Selain itu, kemampuan digital yang terbatas menyebabkan pengguna tetap memanfaatkan smartphone yang mudah untuk dioperasikan, serta kurangnya pemahaman pengguna akan perbedaan antara perangkat 3G dan 4G.
3.Pengguna tidak terjangkau oleh jaringan 4G
Sebanyak 10,9% dari 3G-only users memiliki smartphone yang berkemampuan 4G, tetapi pengguna menghabiskan waktu di area yang tidak terjangkau 4G dari operator seluler yang mereka gunakan. Artinya, pengguna tidak memakai 4G karena area mereka tidak terjangkau oleh 4G. Sebagai tambahan, 4,9% dari 3G-only users tidak memiliki perangkat yang berkemampuan 4G dan mereka juga berada di area yang tidak terjangkau teknologi 4G, sehingga 15,8% masyarakat Indonesia tidak pernah memakai 4G.
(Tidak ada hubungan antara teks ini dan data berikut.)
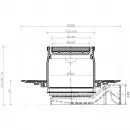 Душевой трап Pestan Confluo Standard Plate 8 13702566 94x94/50 мм, с решеткой, 2 в 1 под плитку, хром/матовый хром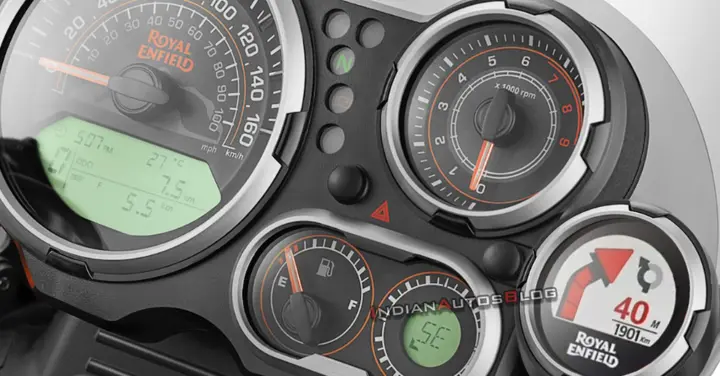 2021 Royal Enfield Himalayan Tripper Navigation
Pengalaman "Buruk" Pengguna 3G
Selanjutnya, dari analisis yang dilakukan OpenSignal menunjukkan pengguna smartphone 3G di Indonesia mempunyai kecepatan unduh yang rendah, rata-rata 5,5 Mbps. Kecepatan itu 60% lebih lambat dibandingkan dengan kecepatan unduh pengguna 4G (rata-rata 13,9 Mbps). Sementara 82,4% dari 3G-only usersterhubung ke jaringan data seluler setiap saat, atau lebih rendah 14,4% dari para pengguna koneksi 4G. Hal ini menggambarkan bahwa 3G-only users yang berada di area jangkauan 4G akan mengalami peningkatan pengalaman penggunaan seluler apabila meningkatkan layanan ke teknologi 4G.
Hapus Spektrum 2G dan 3G Demi 4G/5G
Dalam beberapa tahun terakhir, Indonesia telah mengalami peningkatan yang signifikan dalam pengalaman jaringan seluler. Namun, cara spektrum digunakan untuk layanan seluler membatasi Indonesia mewujudkan potensi sepenuhnya.
Untuk meningkatkan efisiensi dan mengoptimalkan penggunaan pita frekuensi yang tersedia, operator di Indonesia mulai memperbarui bagian dari pita 800 MHz, 900 MHz, 1800 MHz, dan 2100 MHz untuk 4G. Meskipun begitu, operator masih bergantung pada pita 900 MHz dan 1800 MHz untuk menyediakan 2G dan 2100 MHz untuk menyediakan 3G demi mendukung sebagian pengguna.
Apabila pita frekuensi tersebut dapat digunakan untuk layanan 4G, pengalaman seluler di Indonesia akan meningkat, karena jaringan 4G dan 5G lebih efisien dalam menggunakan kapasitas spektrum dibandingkan dengan teknologi lama 2G dan 3G. Standar dari teknologi terbaru ini dapat mendukung kecepatan yang lebih tinggi, penggunaan data yang lebih banyak, bertambahnya pengguna pada pita MHz yang sama dibandingkan dengan 2G dan 3G.
Pada pelelangan ulang terbaru frekuensi 2,3 GHz, Telkomsel dan Smartfren masing-masing memenangkan spektrum 20 MHz dan 10 MHz. Telkomsel telah mengungkapkan rencana untuk menyebarkan 5G pada pita ini dengan bandwidth 30 MHz dalam rentang 2.300 MHz hingga 2.330 MHz.
Sedangkan Smartfren berencana untuk meningkatkan kapasitas dan kualitas dari layanan yang sudah ada, dan juga memperluas jaringan ke area-area yang belum terjangkau oleh layanannya.
Sementara itu, XL tidak mendapatkan spektrum yang baru dan berencana untuk memaksimalkan 4G yang sudah ada. Sedangkan 3 telah bermitra dengan Nokia untuk menyebarkan teknologi berbagi spektrum (DDS) untuk 3G dan 4G di jaringan mereka saat ini.
Migrasi 3G-only Users ke 4G Untungkan Indonesia
Data milik OpenSignal menunjukkan adanya kesenjangan pengalaman pengguna jaringan seluler antara pemakai 3G dan 4G. Berdasarkan analisis kami, alasan utama pengguna tidak merasakan manfaat 4G karena mereka tidak berlangganan, bukan karena jangkauan 4G. Seiring dengan kemajuan Indonesiamenuju 5G, operator di Indonesia akan mendapatkan manfaat jika pengguna melakuakn migrasi dari 3G ke 4G dan memperbarui pita spektrum 2G/3G ke layanan 4G. Hal itu akan membantu mempercepat penyebaran jaringan 4G dan 5G yang dapat menjembatani kesenjangan digital di Indonesia, serta meningkatan pengalaman pengguna secara keseluruhan, dan mendorong perkembangan sosial-ekonomi yang positif.